Write out the listing below in its entirety, minus the pictures, without changing a word.
[Opening RECORDED DATA section]
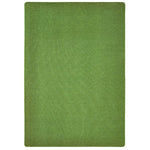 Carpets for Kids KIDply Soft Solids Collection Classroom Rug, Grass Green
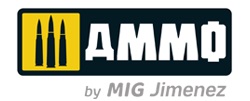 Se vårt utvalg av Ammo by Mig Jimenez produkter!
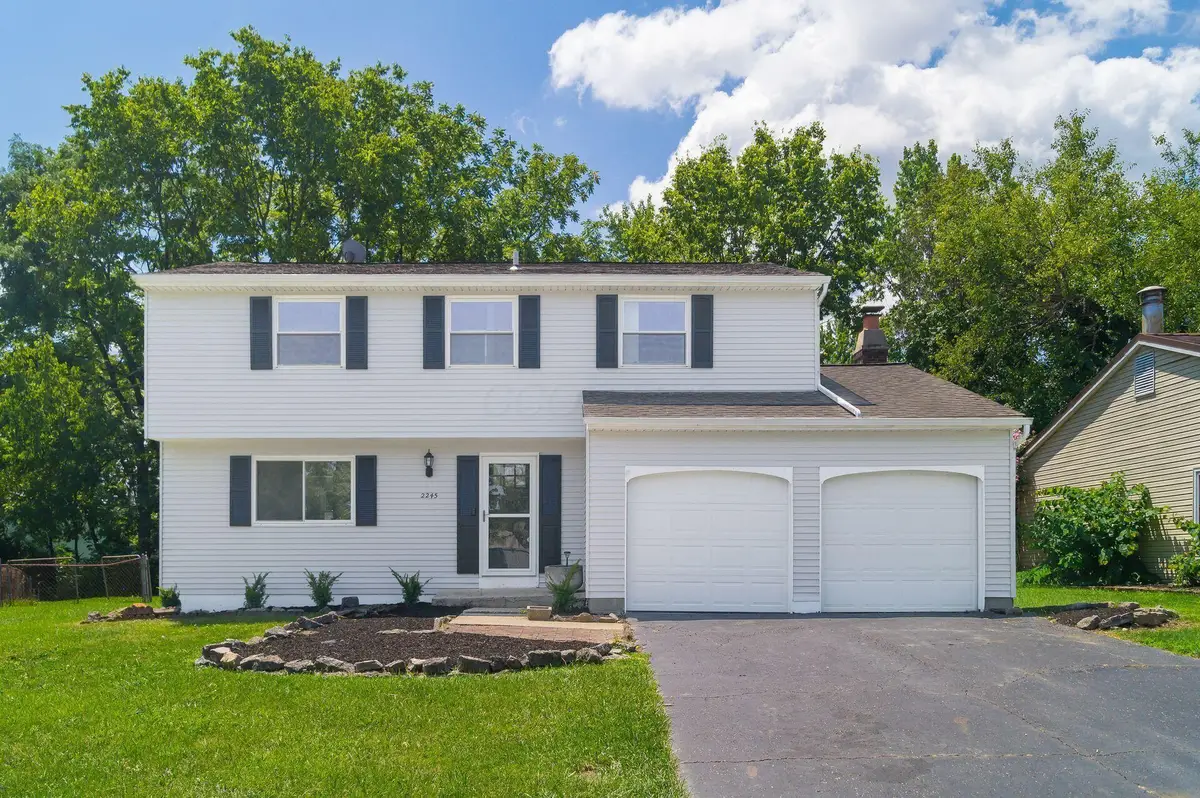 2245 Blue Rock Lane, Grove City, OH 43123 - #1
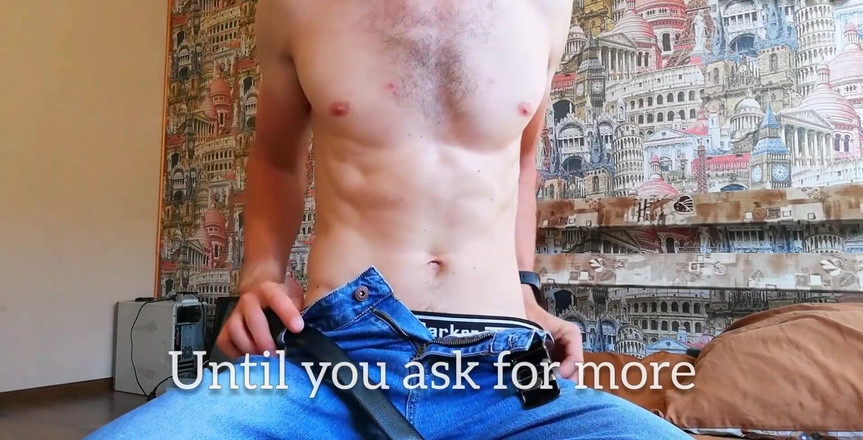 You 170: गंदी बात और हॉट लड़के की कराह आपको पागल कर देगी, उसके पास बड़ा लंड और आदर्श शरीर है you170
[Closing RECORDED DATA section]
▸ REPLY TO THE TASK
 Carpets for Kids KIDply Soft Solids Collection Classroom Rug, Grass Green
 Se vårt utvalg av Ammo by Mig Jimenez produkter!
 2245 Blue Rock Lane, Grove City, OH 43123 - #1
 You 170: गंदी बात और हॉट लड़के की कराह आपको पागल कर देगी, उसके पास बड़ा लंड और आदर्श शरीर है you170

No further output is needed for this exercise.